##### Supplied material
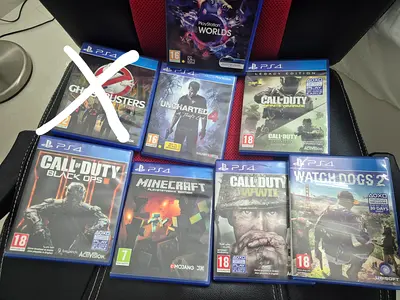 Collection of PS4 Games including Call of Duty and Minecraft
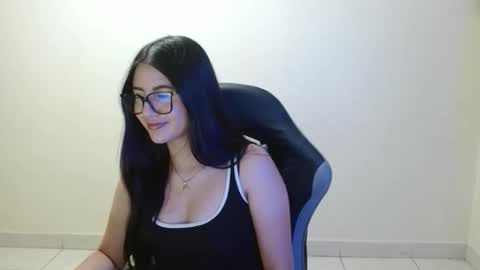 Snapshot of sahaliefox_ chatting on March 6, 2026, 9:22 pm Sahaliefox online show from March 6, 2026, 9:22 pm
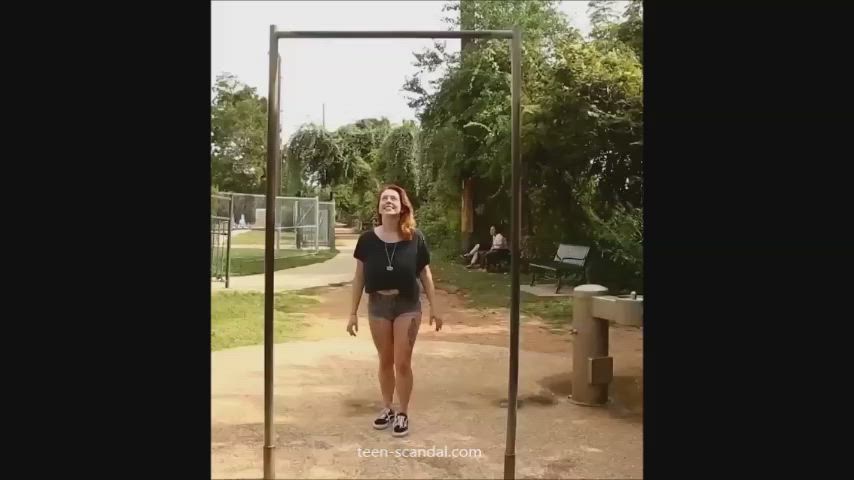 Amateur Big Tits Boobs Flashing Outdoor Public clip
##########
##### Supplied material
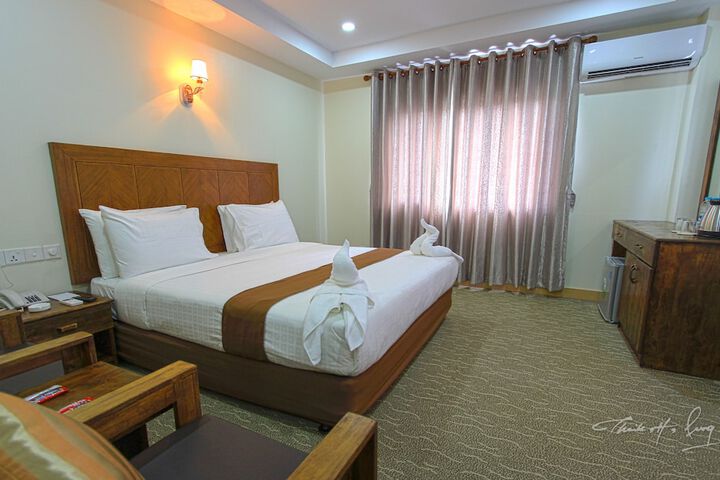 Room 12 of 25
##########
##### Supplied material
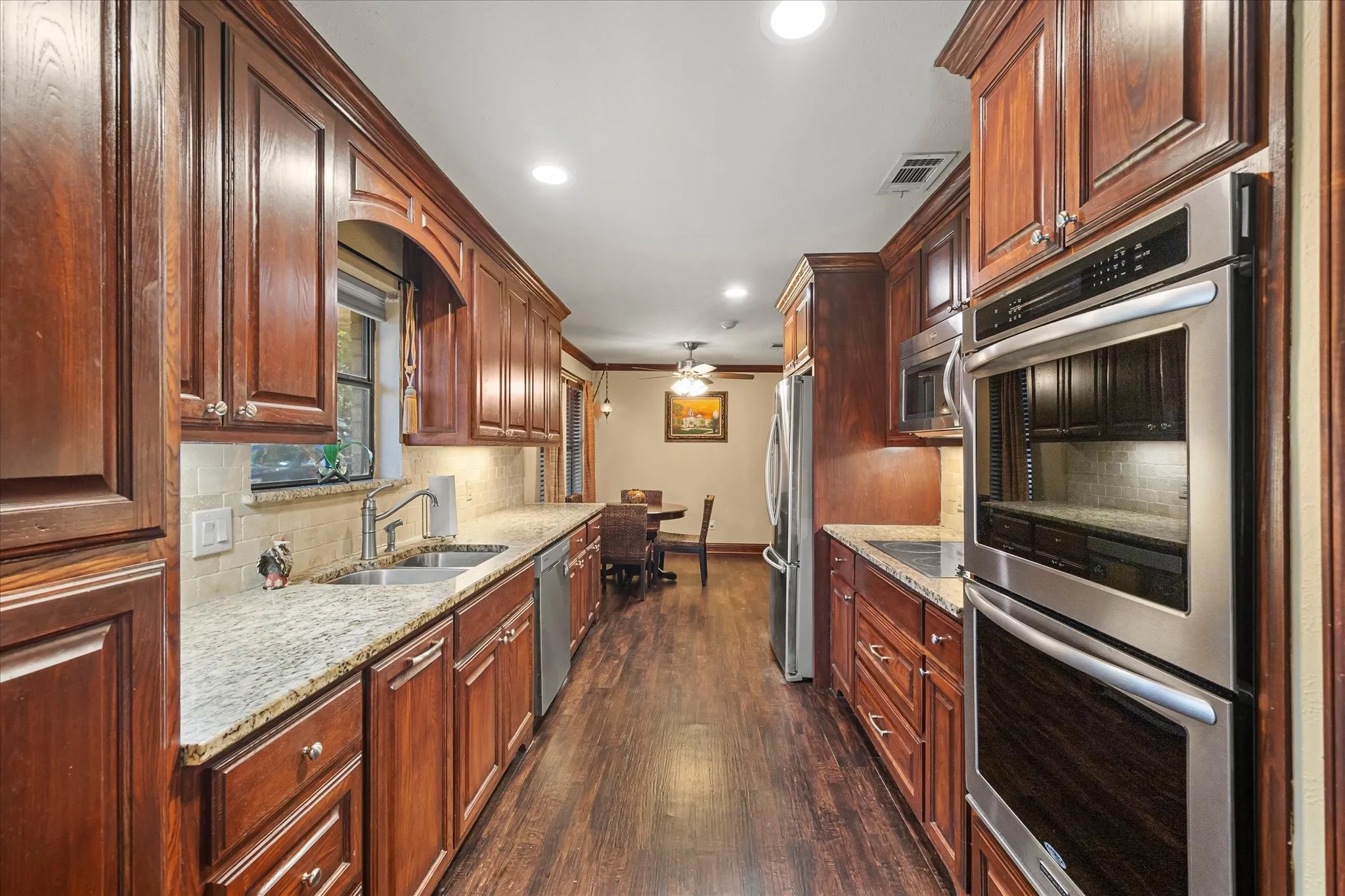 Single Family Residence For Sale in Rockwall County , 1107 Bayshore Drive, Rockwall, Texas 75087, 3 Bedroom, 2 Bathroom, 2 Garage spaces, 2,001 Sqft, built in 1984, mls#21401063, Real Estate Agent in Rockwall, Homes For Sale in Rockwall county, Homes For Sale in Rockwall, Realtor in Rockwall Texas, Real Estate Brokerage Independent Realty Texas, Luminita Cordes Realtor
##########
- **Work instructions**
Using the listing above, reproduce word for word every line from the one containing "Collection of PS4" through the one containing "Amateur Big Tits". Pictures must be left out.

- **Result for this task**
 Collection of PS4 Games including Call of Duty and Minecraft
 Snapshot of sahaliefox_ chatting on March 6, 2026, 9:22 pm Sahaliefox online show from March 6, 2026, 9:22 pm
 Amateur Big Tits Boobs Flashing Outdoor Public clip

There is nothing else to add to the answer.